Carnegie Mellon University

Sabih Bin Wasi, Founder and Chief Executive Officer, Stellic

Providing a Roadmap to College

On their journey to a degree, a typical college student must process information from multiple institutional systems.

Interpreting it all can be difficult, especially for a teenager new to making such decisions on their own.

Changing, or even declaring, a major and understanding how to complete it is a complex process, and it’s not often user-friendly.

“It turns out you can't solve these problems well unless you truly understand the requirements,” says Sabih Bin Wasi (CMU 2015).

Sabih had great advisers at Carnegie Mellon University in Qatar who guided him, and in the process, he saw how technology could help clarify the path through higher education. So he founded Stellic, along with fellow Tartans on the Rise Rukhsar Neyaz, Sabih’s wife, and Musab Popatia.

It’s a degree management tool that helps students, advisers, administrators and leaders in higher education collaborate with the goal of on-time graduation and career success.

Stellic draws disparate data from various university areas including student information systems, course catalogs and learning management systems — removing the manual work of building a degree plan for every possible major. Students and university faculty and staff get a visual interface to track progress, ensure all requirements are noted and understand the implications of decisions such as changing or adding a major.

Stellic is used at 70 colleges and universities globally, and its innovative approach landed Sabih and Rukhsar on the Forbes 30 Under 30 Education list in 2019.

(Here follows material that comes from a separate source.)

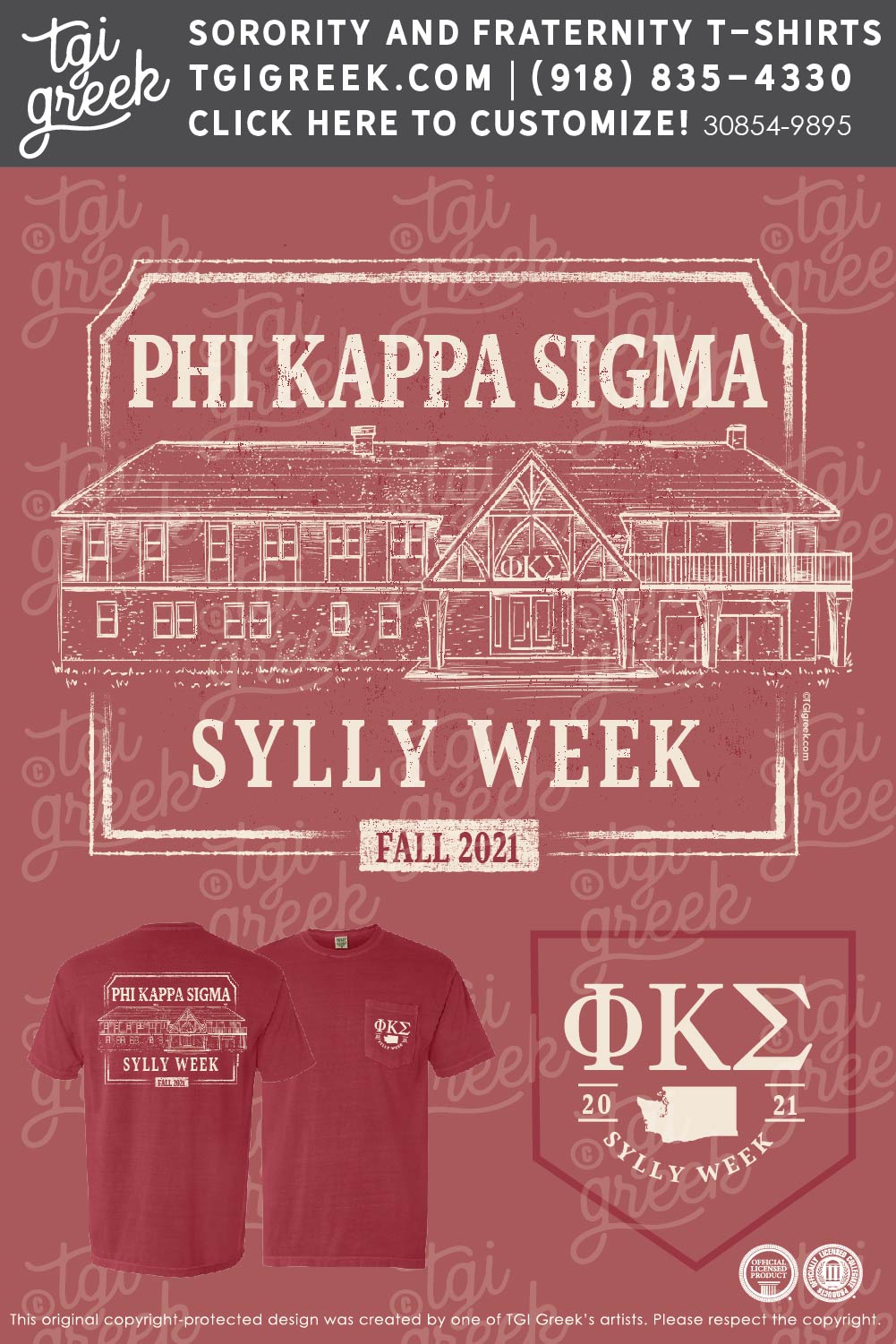 Phi Kappa Sigma – WASU Sylly Week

CMU was Stellic’s first client, and the company’s moniker is a play on the name of one of Sabih’s computer science advisers and School of Computer Science University Teaching Professor Mark Stehlik.

“The help I got from people like Mark is baked into Stellic’s features today,” he says. “We had meaningful, impactful conversations with Mark and all of our advisers, and that’s been so relevant and valuable to what we’ve been able to accomplish so far, as well as what we expect to do in the future.”